The FINANCIAL — Witness first-hand how your mountain of waste plastic expands over the years and what impact your food has on the rainforests. Virtual reality gives you a front-row seat to the impact of unsustainable behaviour. Communication scientists Marijn Meijers and Hande Sungur have developed highly effective virtual worlds that give people an up close and personal experience of how sustainable and unsustainable conduct make a substantial difference.
According to University of Amsterdam, you walk around a supermarket and whenever you take a product from the shelves, a pop-up appears with information about the environmental impact of your choice, for example, clearcutting of tropical rainforest to cultivate the palm oil in your chocolate spread. You travel through time to see how much plastic waste your everyday products create in the future, and travel back to see how your mountain of waste shrinks when you make more sustainable decisions.
VR shown to have a positive effect on sustainability
The first findings from Meijers and Sungur’s projects are in and the results are positive. ‘Research into the VR supermarket shows it gets the message across more effectively and gives people the feeling that they have control over the problem’, says Meijers. ‘They clearly see how buying eco-friendly products contributes to a more sustainable world and that unsustainable choices have a negative effect. This positive effect on the participants’ behaviour continued to be reflected in their real-world shopping habits after two weeks.’

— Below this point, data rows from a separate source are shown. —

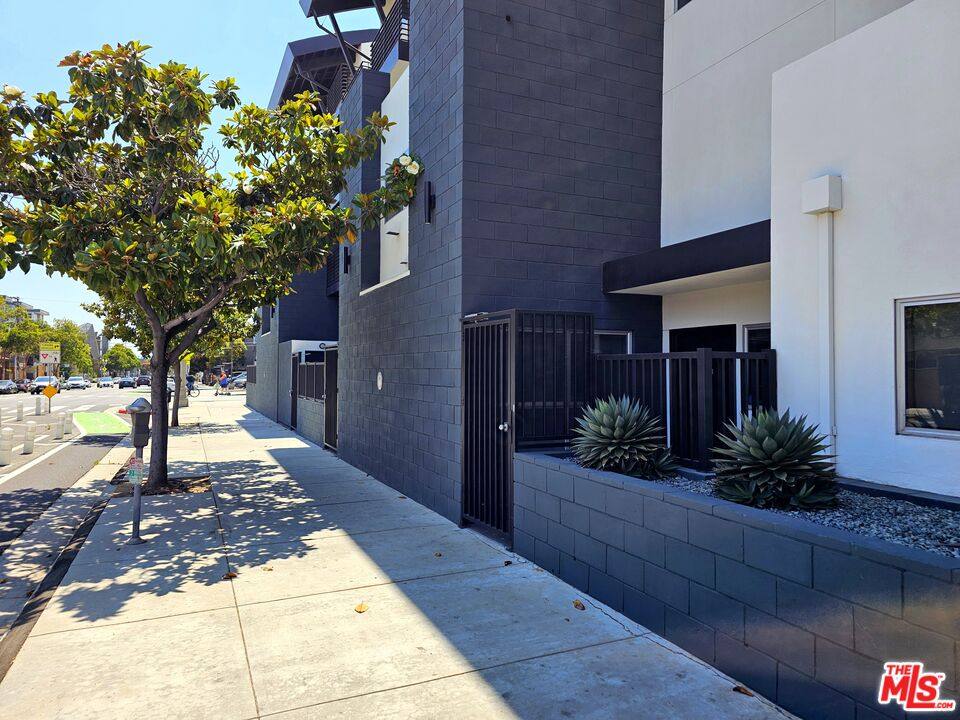 Townhouse for rent at 1617 Broadway #1617B, Santa Monica, CA 90404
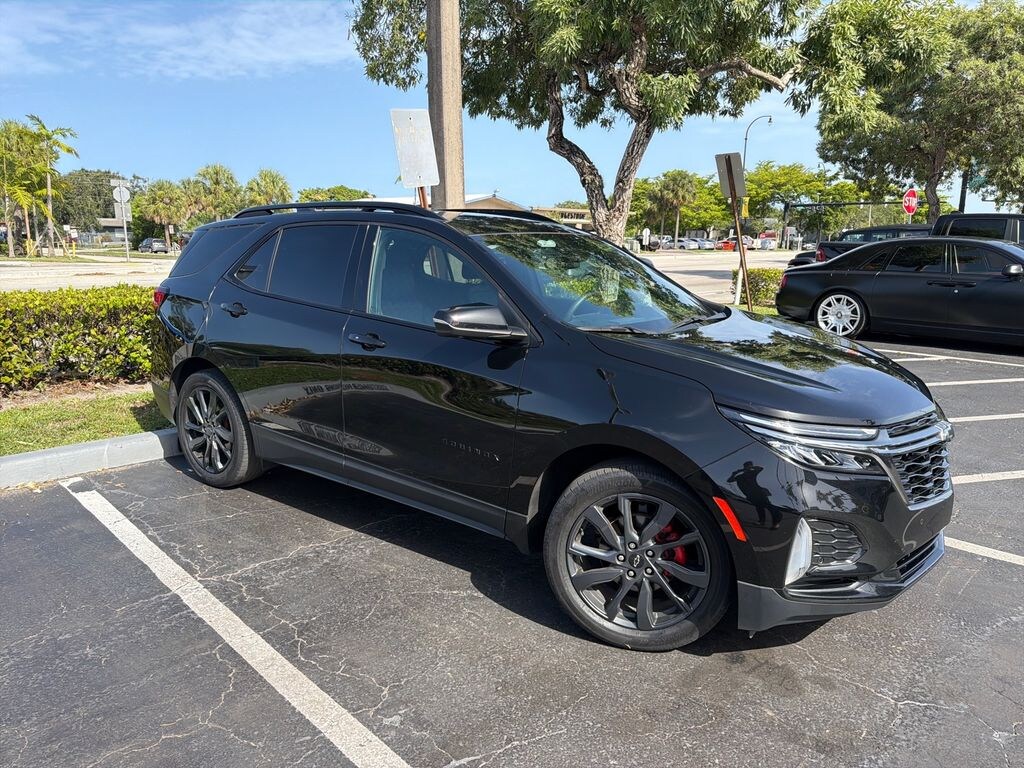 Used 2022 Chevrolet Equinox RS SUV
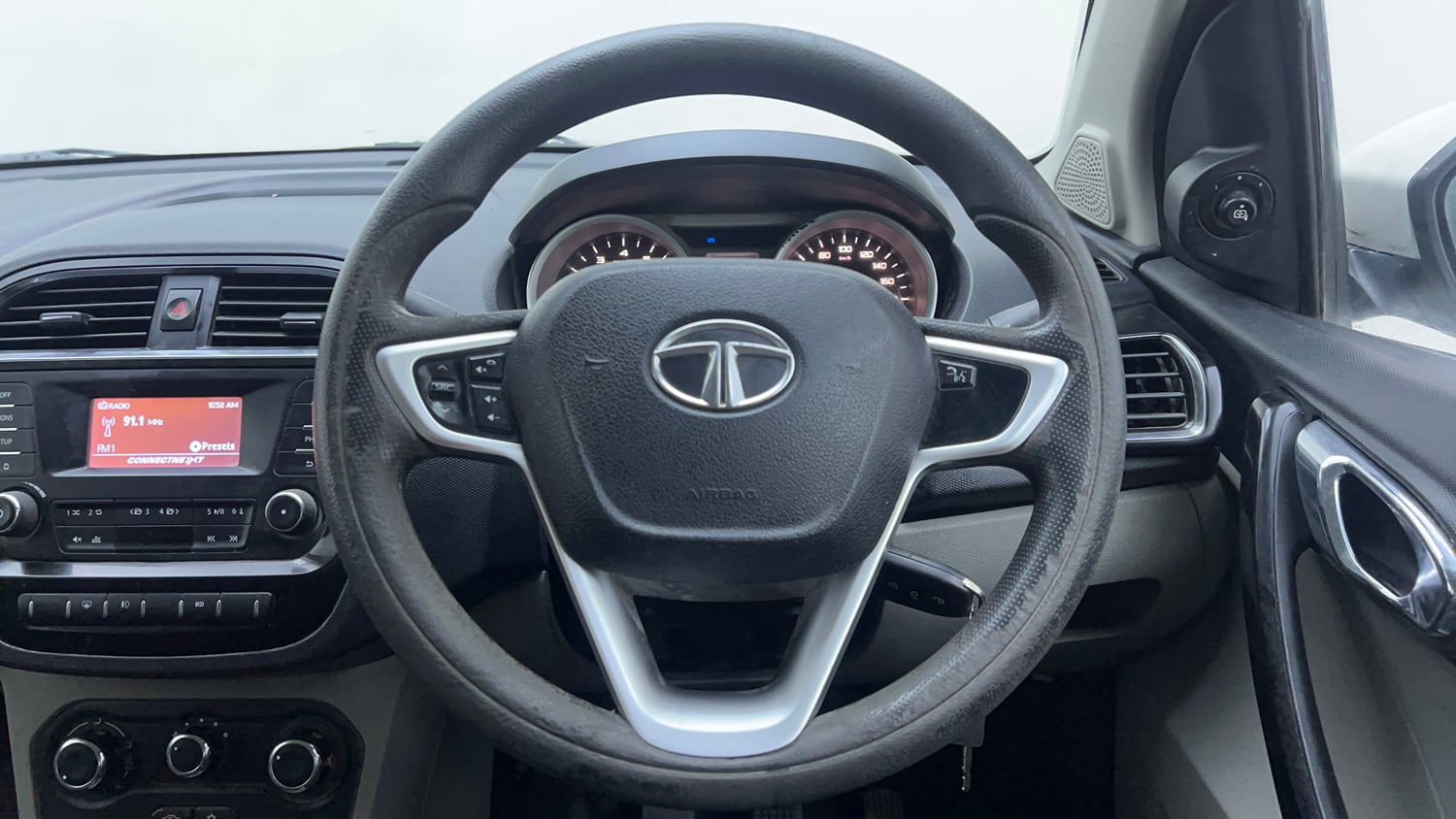 Used 2017 Tata Tiago Revotron XZ Petrol Manual interior STEERING VIEW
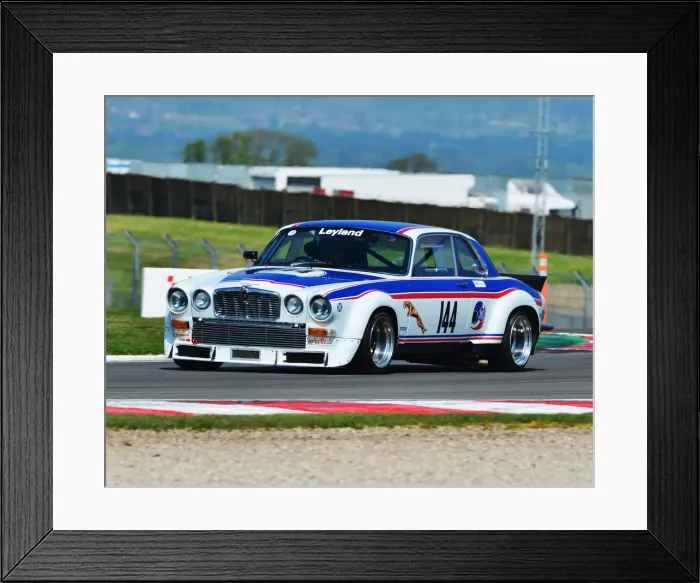 Framed Print : CJ7 2588 Paul Pochciol, James, Hanson, Jaguar XJ12C Broadspeed Framed Print : CJ7 2588 Paul Pochciol, James, Hanson, Jaguar XJ12C Broadspeed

Does VR influence sustainable behaviour in children?
Habits formed during childhood are strong predictors of adult behaviour. Children are therefore a vital target group for the efforts to encourage healthy and sustainable selection of food products. Eline Smit and Marijn Meijers (University of Amsterdam) and Nynke van der Laan (Tilburg University) conducted a study into the potential of virtual reality to teach children about this issue. Will this help children to better understand and remember the nutritional value and sustainability of food products and will it influence their behaviour in the real world?
‘In the past year, we have successfully developed and tested our virtual and interactive time machine’, says Sungur. ‘The initial results show that virtual reality helps promote sustainable habits among adults. Undergoing the VR experience showed participants how they could reduce the amount of plastic they consume, which successfully translated into more sustainable real-world choices. Next, we’d like to test the product with a younger target audience.’
Virtual reality reduces psychological distance
‘These studies underline the potential of virtual reality to confront people with issues that they often feel too far removed from to worry about, such as the impact of our behaviour on the planet’, conclude Meijers and Sungur. ‘VR also boosts the realisation that you personally have the power to make a difference. Social psychology has taught us that these two mechanisms of psychological distance and self-efficacy play a vital role in behavioural change.’
Meijers thinks that the virtual supermarket will be predominantly focused on the education sector so people learn about sustainable behaviour from a young age. Sungur also sees great educational potential for the virtual time machine to teach a young audience about plastic waste. ‘But a future application could also be Augmented Reality (AR), projecting a virtual world onto the real world’, says Meijers, ‘or using the handheld scanners that are already available at many supermarkets.’